In the listing below, the lines from the first through the one with "Bí thư Thành" are to be copied word for word.

* DATA IN THIS EXERCISE
========================================
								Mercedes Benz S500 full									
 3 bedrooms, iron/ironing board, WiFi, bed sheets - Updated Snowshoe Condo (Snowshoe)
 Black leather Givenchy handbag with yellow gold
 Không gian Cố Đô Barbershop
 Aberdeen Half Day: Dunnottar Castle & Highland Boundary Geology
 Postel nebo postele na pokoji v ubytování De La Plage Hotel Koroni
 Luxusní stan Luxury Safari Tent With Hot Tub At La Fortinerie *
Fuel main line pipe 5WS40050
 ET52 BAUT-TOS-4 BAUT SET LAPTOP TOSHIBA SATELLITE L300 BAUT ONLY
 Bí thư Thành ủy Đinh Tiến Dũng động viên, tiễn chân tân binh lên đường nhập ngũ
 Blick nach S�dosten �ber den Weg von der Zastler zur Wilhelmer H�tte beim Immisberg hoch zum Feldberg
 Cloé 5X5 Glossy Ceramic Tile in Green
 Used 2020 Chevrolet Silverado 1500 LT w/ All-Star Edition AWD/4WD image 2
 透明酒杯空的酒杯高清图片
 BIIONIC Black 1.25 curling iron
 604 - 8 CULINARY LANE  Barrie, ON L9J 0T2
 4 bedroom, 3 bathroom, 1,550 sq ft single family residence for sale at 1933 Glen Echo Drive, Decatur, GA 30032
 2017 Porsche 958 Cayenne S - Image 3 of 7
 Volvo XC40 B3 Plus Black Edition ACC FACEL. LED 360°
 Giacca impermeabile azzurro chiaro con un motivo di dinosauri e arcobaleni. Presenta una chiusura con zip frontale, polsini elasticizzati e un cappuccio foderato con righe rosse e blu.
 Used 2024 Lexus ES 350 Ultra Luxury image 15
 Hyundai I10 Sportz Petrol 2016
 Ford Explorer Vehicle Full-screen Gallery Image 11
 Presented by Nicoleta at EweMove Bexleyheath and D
========================================
* EXERCISE RESPONSE
								Mercedes Benz S500 full									
 3 bedrooms, iron/ironing board, WiFi, bed sheets - Updated Snowshoe Condo (Snowshoe)
 Black leather Givenchy handbag with yellow gold
 Không gian Cố Đô Barbershop
 Aberdeen Half Day: Dunnottar Castle & Highland Boundary Geology
 Postel nebo postele na pokoji v ubytování De La Plage Hotel Koroni
 Luxusní stan Luxury Safari Tent With Hot Tub At La Fortinerie *
Fuel main line pipe 5WS40050
 ET52 BAUT-TOS-4 BAUT SET LAPTOP TOSHIBA SATELLITE L300 BAUT ONLY
 Bí thư Thành ủy Đinh Tiến Dũng động viên, tiễn chân tân binh lên đường nhập ngũ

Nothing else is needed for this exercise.